Other board members who donated to Hyde-Smith on October 17 include Noble Guedon ($1,000), Mike Ferguson ($500), Donald Gant ($500) and Ted Kendall IV ($1,000). Kendall also gave $1,000 to Hyde-Smith on June 6. Kalahar said there was no Mississippi Farm Bureau Federation event on that day.

Over the past decade, Mississippi Farm Bureau has strongly supported Hyde-Smith and other Republicans. Hyde-Smith, who served as the state’s commissioner of agriculture and commerce from 2011 to 2018 and previously as a state senator, has received numerous awards, acknowledgements and publicity from the federation.

Farm Bureau does not officially endorse political candidates, Kalahar said, but the Mississippi federation has a long history of honoring Republicans in Washington, including in election years. 

On Nov. 2, just four days before Election Day, Hyde-Smith and the rest of the state’s Republican delegates in Washington received a “Friend of Farm Bureau Award” from the federation. U.S. Rep. Bennie Thompson, the state’s longest tenured delegate and lone Democrat who represents the agrarian Delta, received the same award in 2006 and 2008, Kalahar said.

“We are proud to honor Senators (Roger) Wicker and Hyde-Smith for their support of Mississippi farmers and ranchers,” McCormick, the Farm Bureau president, said in a Nov. 2 release. “Senator Wicker has been a true advocate in rolling back burdensome regulations by the EPA and championing the need for rural broadband. Senator Hyde-Smith has represented Southern agriculture well in the Senate debate of the 2018 Farm Bill. On behalf of all our members, I just want to say thank you.”
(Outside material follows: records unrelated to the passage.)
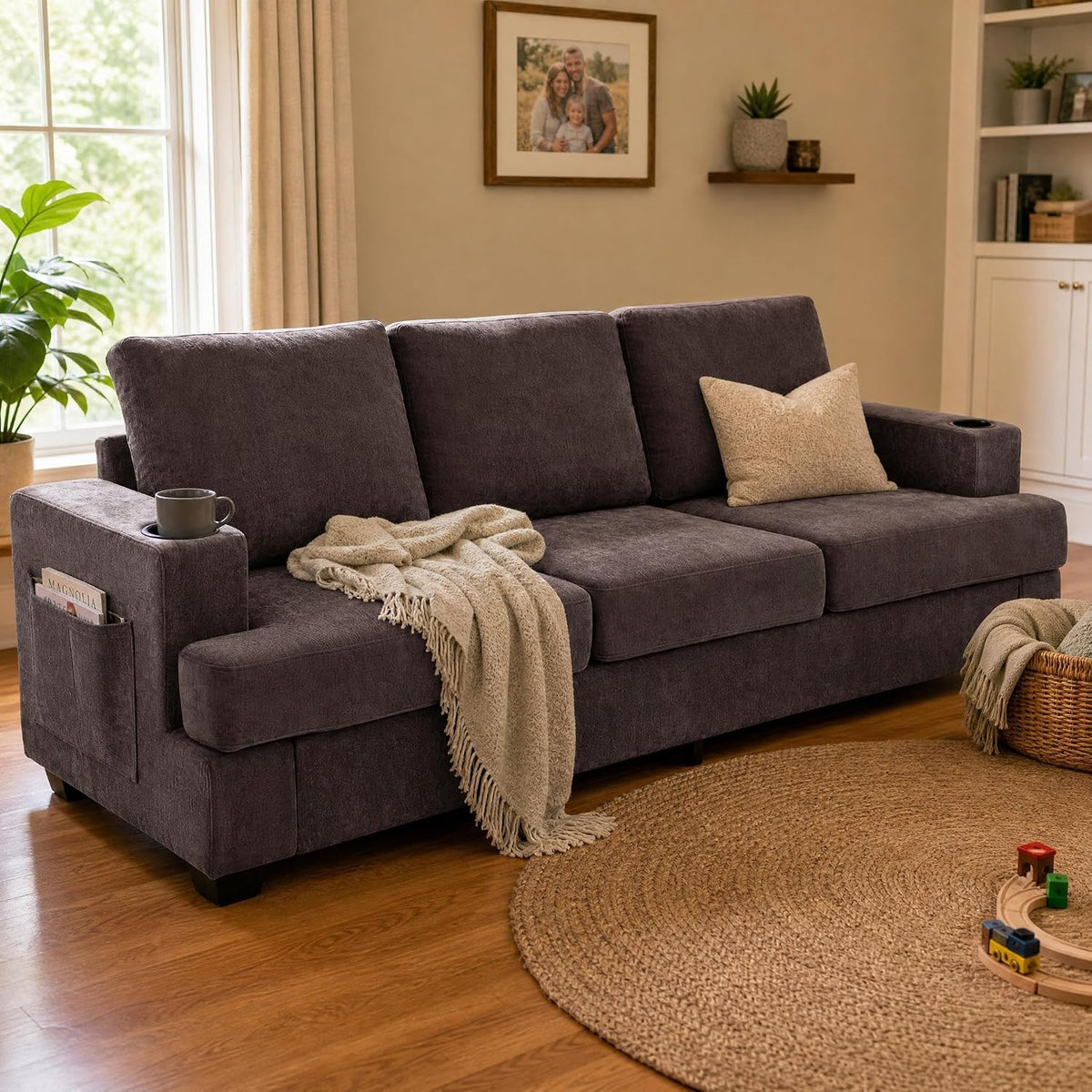 89" Couch for Living Room,Chenille Sofa with Cup Holders-Brown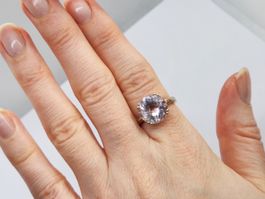 Roségoldener vintage Quarz Ring, 925 Silber, Grösse 53
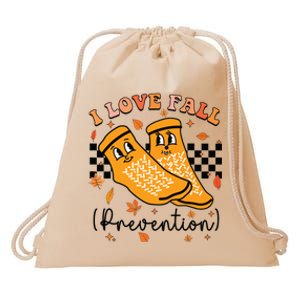 Groovy Retro I Love Fall Prevention Fall Physical Therapy Drawstring Bag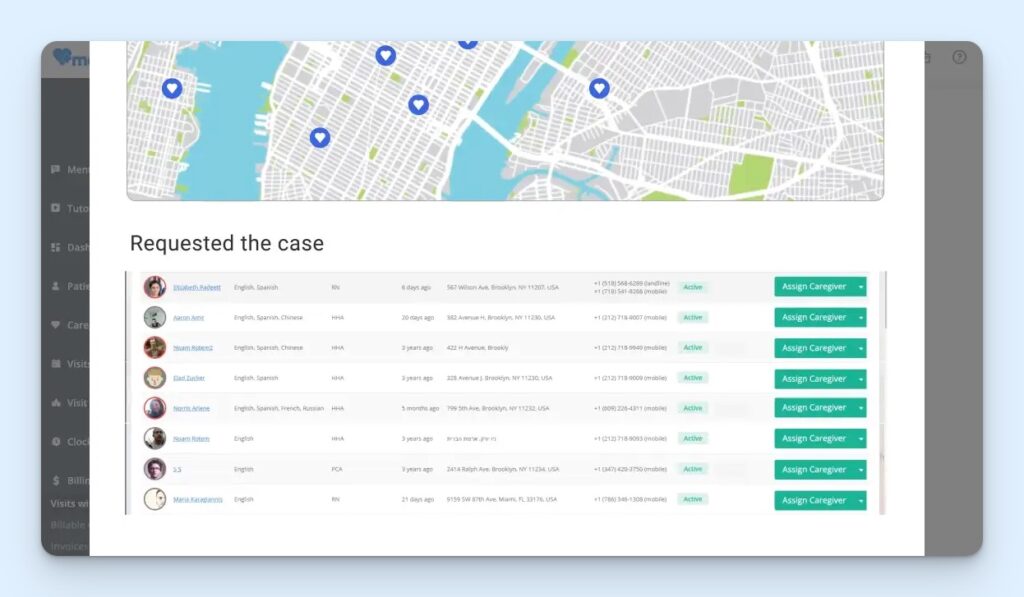 Medflyt caregiver assignment screen showing a map of nearby caregivers above a requested case list, with caregiver roles, languages, location details, active status labels, and assign caregiver buttons for quick visit matching.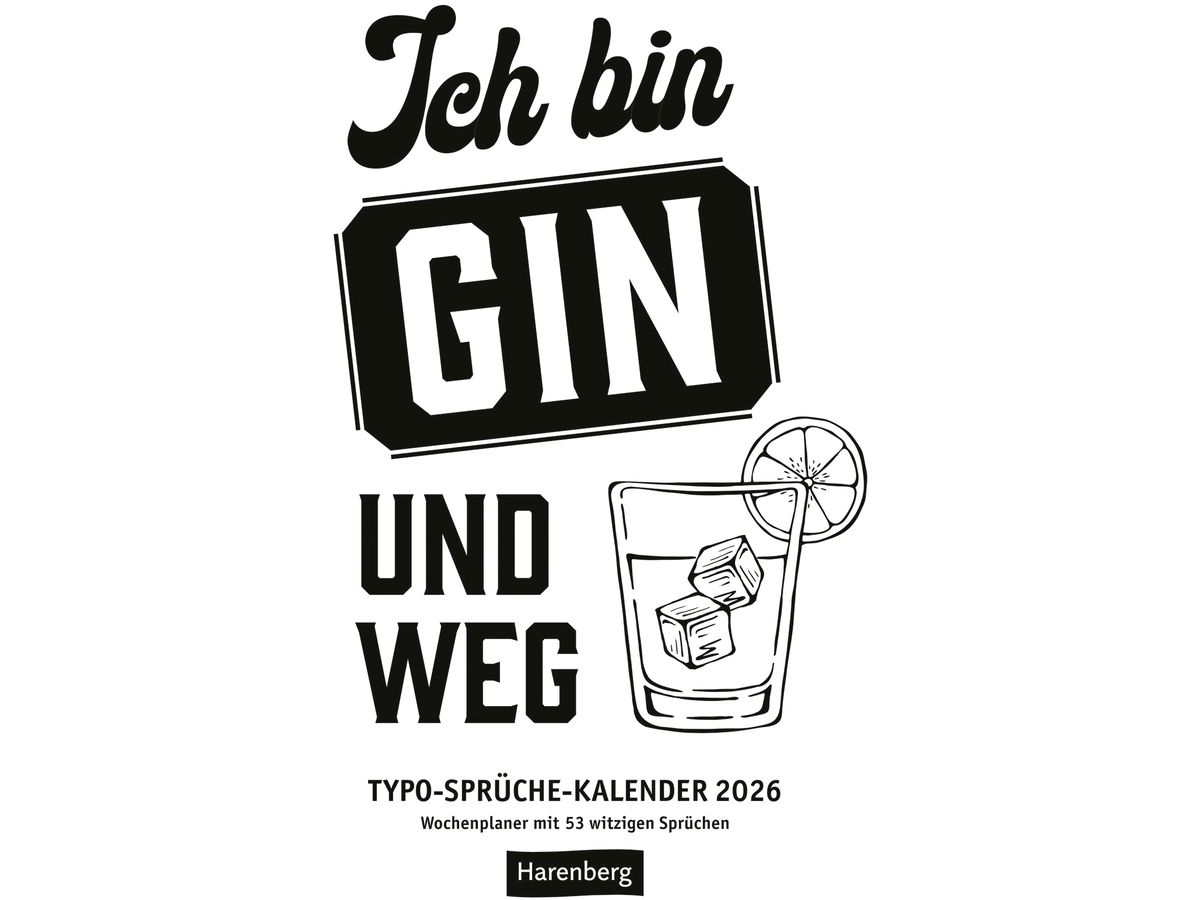HARENBERG Agenda hebdomadaire 2026 3310134+26 Sprüche-Kalender DE 25x35.5cm (9783840036811)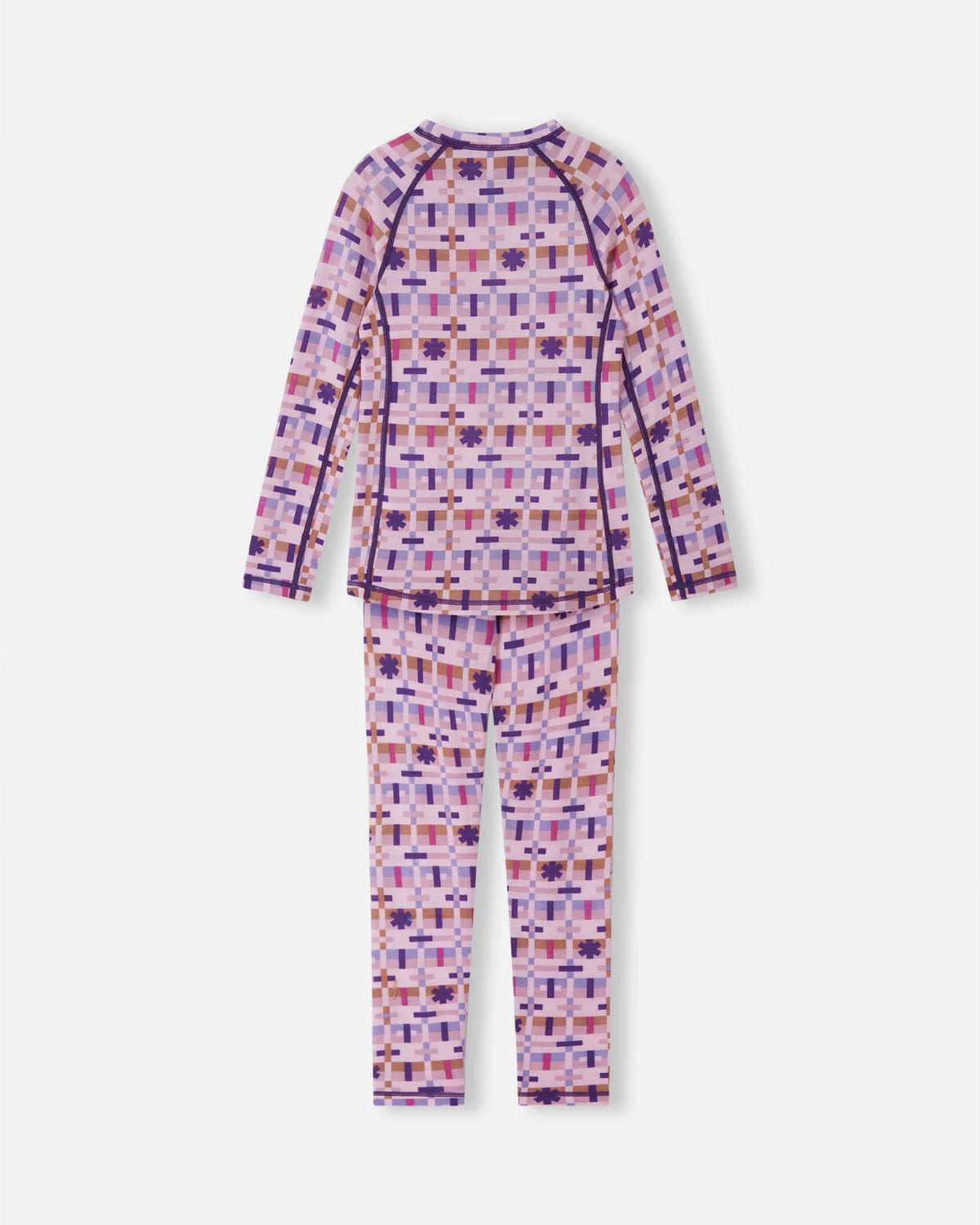 Taitoa Wool-Lyocell Blend Base Layer Set - Pale Rose - Print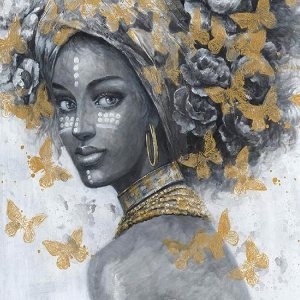 Pintura de diamantes afroamericanos para adultos por números, arte negro africano con diadema india y aretes de mariposa dorada, arte de diamantes Pintura de diamantes afroamericanos para adultos por números, arte negro africano con diadema india y aretes de mariposa dorada, arte de diamantes
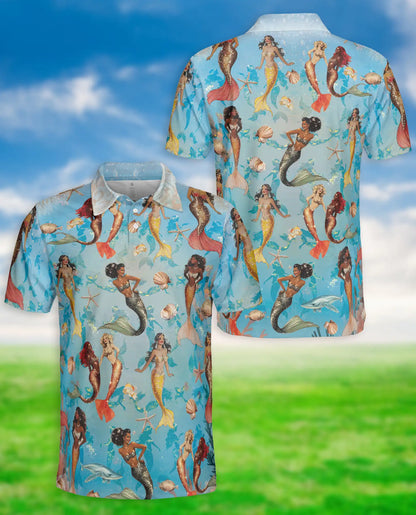 Lovely Mermaid Sea 3D Polo Shirt for Men – Cute Ocean Fantasy Hawaiian Style | Azhobbyshop
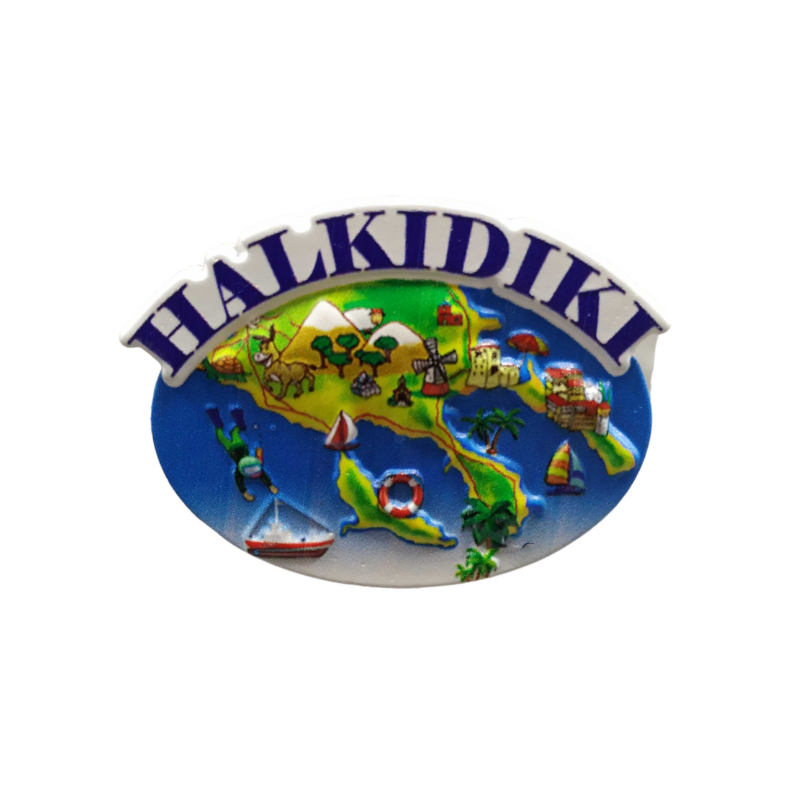 Tουριστικό μαγνητάκι Souvenir – Σετ 12pcs – Resin Magnet – Halkidiki – 678312 Κωδικός: 678312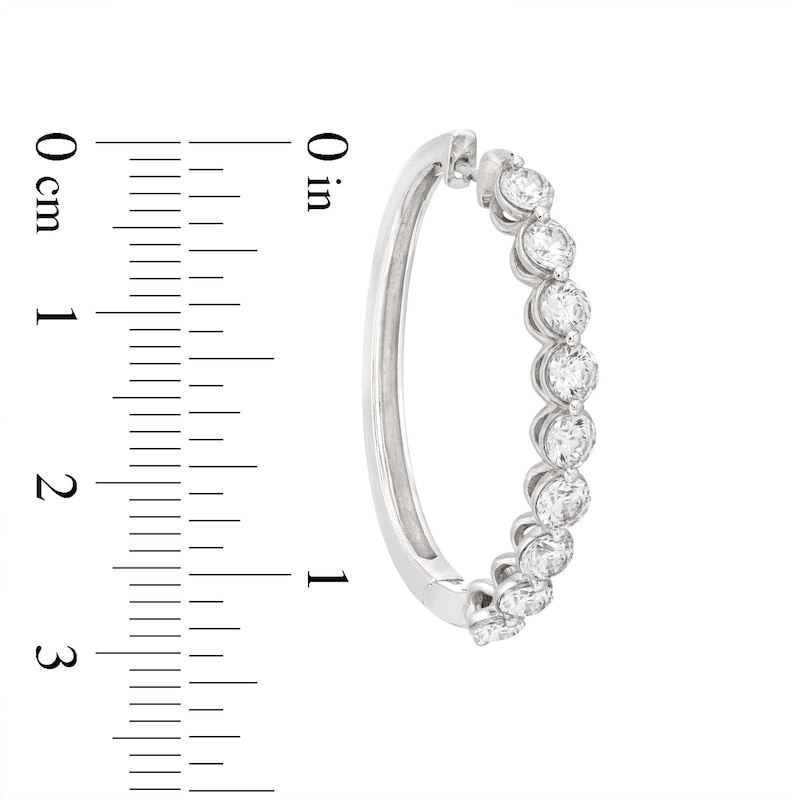 Lab-Created Diamonds by Oval Hoop Earrings 3 ct tw White Gold Plated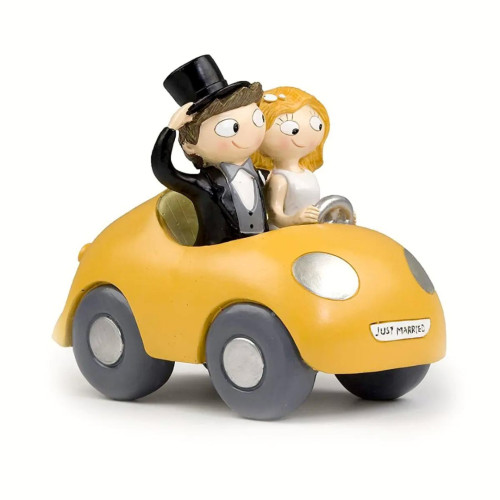 Cake Topper Matrimonio con Sposi sulla macchina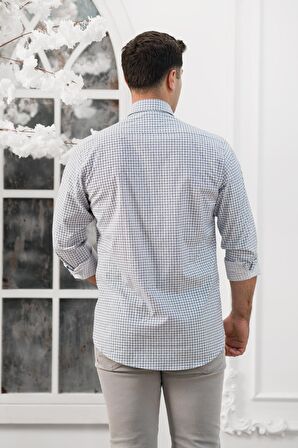 Advante Ekoseli Slimfit Uzun Kollu Erkek Gömlek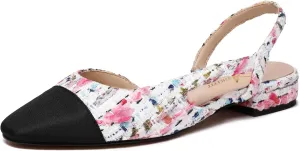 Athlefit Slingback Flats for Women Square Pointed Toe Two Toned Flats Wedding Pumps for Women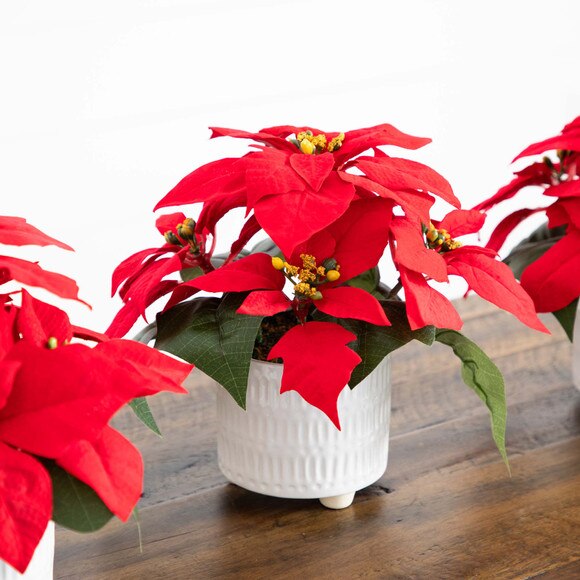 9 Artificial Poinsettia Arrangements in White Ceramic Pots - Set of 3 - SKU #P2040-S3 - 3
The organization’s history with Hyde-Smith predates her appointment to the Senate. When she was still Ag commissioner in November 2017, Farm Bureau brought farmers to her office to talk about regulations. When she was in her first term as Ag commissioner in December 2013, Farm Bureau gave Hyde-Smith their annual Distinguished Service Award. In 2012, Hyde-Smith was a keynote speaker at Farm Bureau’s Women’s Leadership Conference. When she was still a state senator in 2008, Hyde-Smith received the federation’s annual Ag Ambassador Award.

Espy, who represented Delta farmland as a U.S. congressman in the 1980s and 1990s and was appointed as U.S. Secretary of Agriculture, does not have an existing relationship with Farm Bureau, but Espy spoke to the group in 1990, his campaign said. 

Eric J. Shelton, Mississippi Today/ Report for America

Mike Espy speaks during the Leaders Luncheon and Accountability Session at New Horizon Church Wednesday, November 14, 2018.

The Espy campaign was reluctant to accept the Farm Bureau debate initially, citing “a moral obligation,” according to Espy spokesman Danny Blanton, to accept an earlier debate proposal from Jackson-based Millsaps College and Mississippi Public Broadcasting. Millsaps sent a debate invitation to the two candidates the day after the Nov. 6 first election, according to an Associated Press report. 

Despite the Hyde-Smith financial support from Farm Bureau leaders, representatives of the organization maintain they did not coordinate with the Hyde-Smith campaign about the debate.

“The invitation was sent to both campaigns in the same email on November 7th at 3:53 p.m.,” Kalahar said. “All communication related to this debate has been provided to both campaigns.”

Melissa Scallan, a spokeswoman for Hyde-Smith, said she received the invitation from Farm Bureau before the Millsaps/MPB invitation and that Hyde-Smith did not have time to participate in two debates.

Both Hyde-Smith and Espy rejected offers to debate before Election Day, with Hyde-Smith citing commitments in Washington and Espy citing a dwindling desire to debate without the incumbent senator present.

Hyde-Smith, however, was captured on video in October saying she would not debate fellow Republican Chris McDaniel, a Tea Party favorite who was also running in the special election.

Kalahar, the spokesman, said among Farm Bureau’s 193,000 membership there are likely members who support Secretary Espy with donations as well as other candidates for local, state, and federal office.